John Wilderspin on the use of peer challenge to develop shared systems leadership across the NHS and local government
After 25 years of competing within an internal market, NHS organisations are having to get to grips with a world where success is increasingly measured by your ability to collaborate, and to form effective partnerships across complex local systems. One sector which has long experience of developing effective partnerships is local government, in part because local government can only succeed by building constructive alliances with others.
This doesn’t just apply to the building of partnerships at a local level; the whole way that local government does development and improvement is by working collaboratively with other councils in what is termed “sector led improvement”. At the heart of this approach is a peer review, or more accurately a “peer challenge” process.
The peer challenge process can also benefit collaboration in other contexts where productive relationships will be equally critical
“Peer challenge” involves a team of peers from other parts of the country spending time with an individual local authority, “running the rule” over the way they operate.
Constructive challenge from a group of people who really understand your business is a great way to identify areas for improvement, and to help you think through how to fix them. This applies particularly to the intangible, but crucial issue of relationships, given how important productive relationships are to the successful running of a council.
By extension, the peer challenge process can also benefit collaboration in other contexts where productive relationships will be equally critical. This is why the Local Government Association and NHS Clinical Commissioners, working with NHS England, NHS Improvement, Public Health England and a range of other stakeholders have developed a peer challenge process specifically for whole Health and Care systems.
The process has been piloted recently, and I was one of the peers who took part in the pilot process in Coventry and Warwickshire.
Although Coventry and Warwickshire are incorporated into one sustainability and transformation partnership footprint, and some NHS organisations cover the whole patch, in local government terms it is made up of two very different local authorities (Coventry City, a unitary authority, and Warwickshire, a two tier county council).
Politically, Coventry is Labour controlled, whereas Warwickshire is Conservative controlled, but it is inspite of these political differences, both councils recognise the importance of working together where it is to the advantage of their two populations.
Peer challenge is a very practical way of delivering support; it is based on a tried and tested approach from another part of the public sector
The peer challenge team was drawn from across the country, and from a variety of backgrounds, both NHS and local government, as well as two LGA colleagues with wide experience of the peer challenge process.
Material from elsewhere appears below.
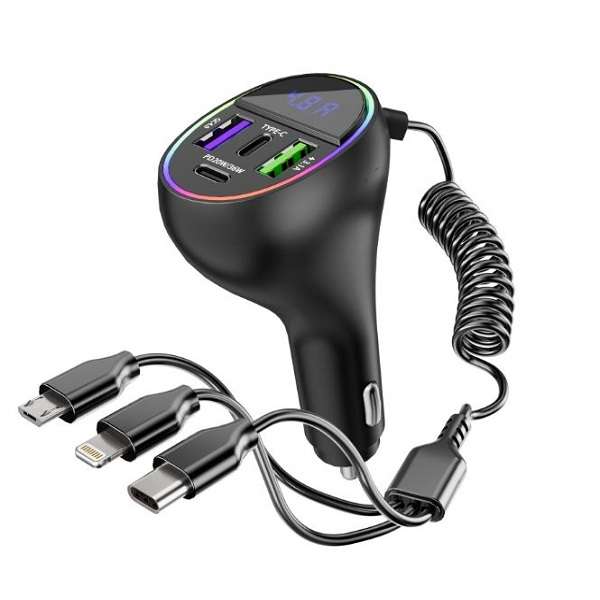 Aerbes AB-CZ29 3 in 1 QC4.0 PD Car Charger 3.1A with Spring Cable PD20/36W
We spent three days on site, and over the course of that time spoke to over 50 people from across the health and care system.
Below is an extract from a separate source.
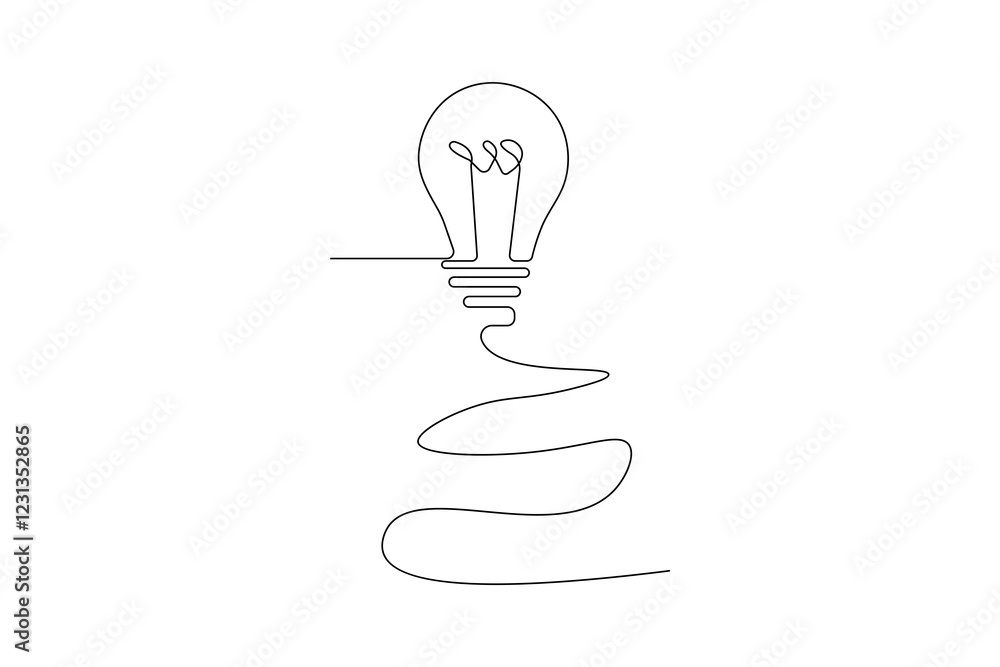 Continuous one line light bulb with black and white vector image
This included NHS chief executives and chairs, GP leaders, NHS England, Healthwatch, as well as political leaders and officers from the two local councils, and a range of local partner organisations. The chairs of the two local health and wellbeing boards as the local “sponsors” of the process had set out a number of areas for us to focus on, but once we started our interviews, the focus of the discussion became more self selecting.
Overwhelmingly, the main issue that people wanted to talk about was the STP. Sometimes the issues which were surfaced were substantive, for example how to align objectives across different governance processes, but the bulk of the discussions were about relationships, and how to make them conducive to effective joint working. So how can the peer challenge process help to nurture, or reinforce, the development of productive relationships?
Firstly, it provides a “safe space” for local leaders to discuss the challenges that exist within their system with peers who have faced similar issues. Peer challenge is not a judgement process; there is no pass or fail, and the peer reviewers all have experience of the inherent challenge of managing complex relationships in a highly pressured environment.
They can also offer impartial advice on how to untangle difficult situations, acting as an “honest broker” where things have got stuck. Crucially, their role is to act as a “critical friend”; they can challenge people in the system who are behaving poorly or avoiding their collective responsibility, without it being seen as a personal attack.
Having now participated in a system “peer challenge”, I firmly believe that it could be a very valuable way to support the implementation of STPs, and the other collaborative processes with which the NHS is now engaging. Effective collaboration cannot be performance managed or regulated into existence, but it can be fostered and accelerated by well designed support.
Peer challenge is a very practical way of delivering that support; it is based on a tried and tested approach from another part of the public sector, which has been adapted specifically to meet the needs of the moment. I hope that people will follow the example of Coventry and Warwickshire, and try the process out for themselves.